[[ Dataset open ]]
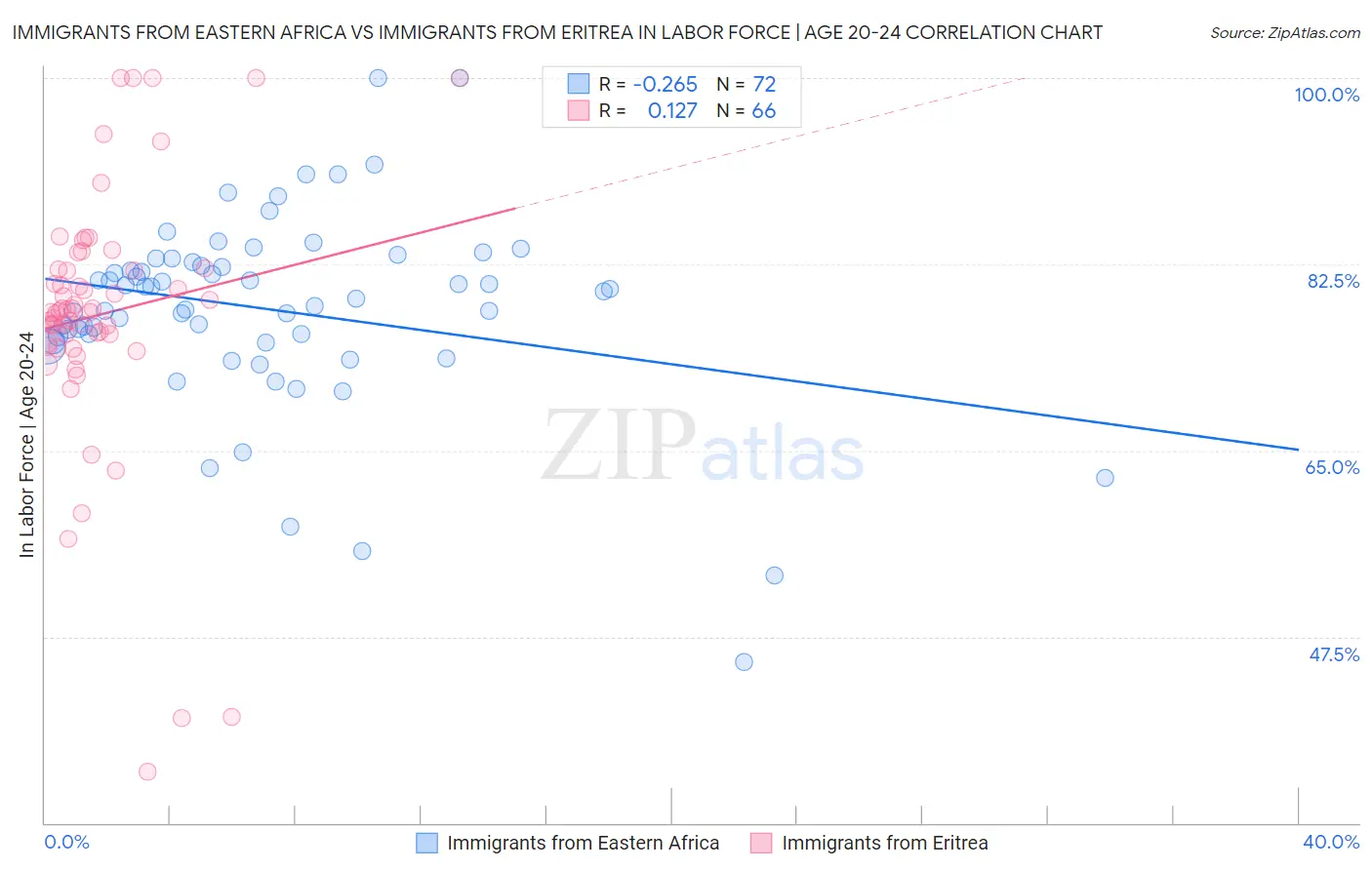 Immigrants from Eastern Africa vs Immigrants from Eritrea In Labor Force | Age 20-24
[[ Dataset closed ]]
[[ Dataset open ]]
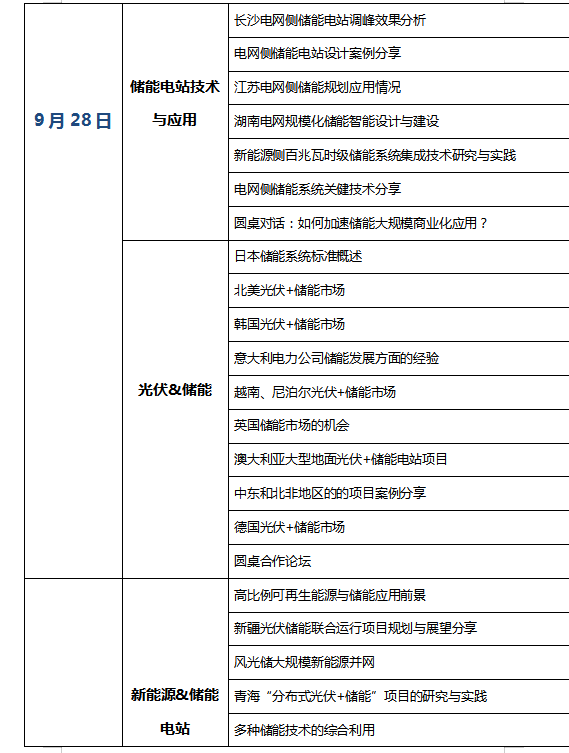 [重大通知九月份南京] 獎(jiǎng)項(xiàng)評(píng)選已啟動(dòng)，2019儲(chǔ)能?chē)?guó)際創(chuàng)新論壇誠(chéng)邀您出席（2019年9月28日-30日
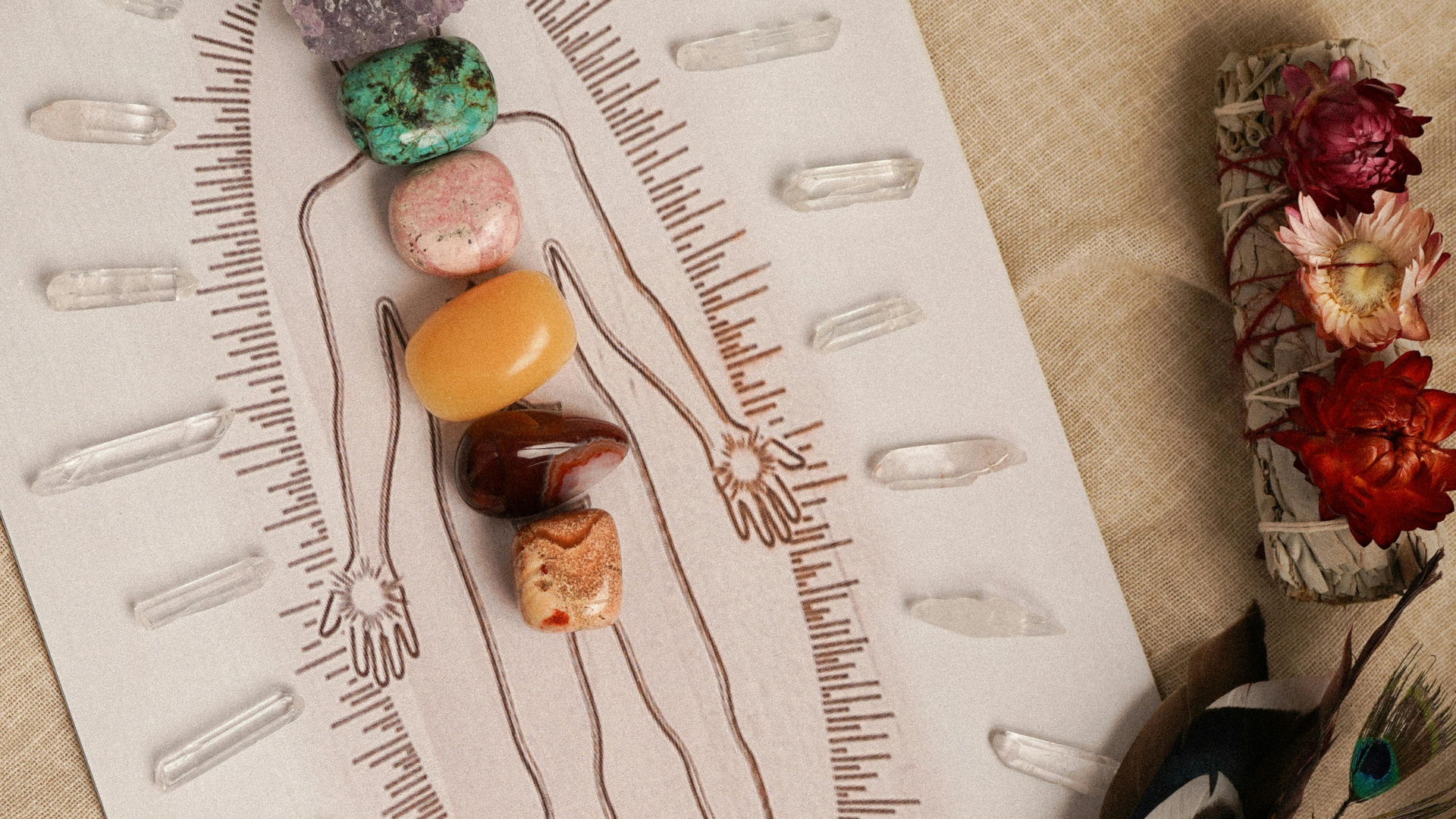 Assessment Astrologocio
[[ Dataset closed ]]
» **What to produce**
Using the records above, repeat exactly the run of lines that starts with the line with "[重大通知九月份南京] 獎(jiǎng)" and goes on through the line with "Assessment Astrologocio"; omit each picture.

» **Answer to this task**
 [重大通知九月份南京] 獎(jiǎng)項(xiàng)評(píng)選已啟動(dòng)，2019儲(chǔ)能?chē)?guó)際創(chuàng)新論壇誠(chéng)邀您出席（2019年9月28日-30日
 Assessment Astrologocio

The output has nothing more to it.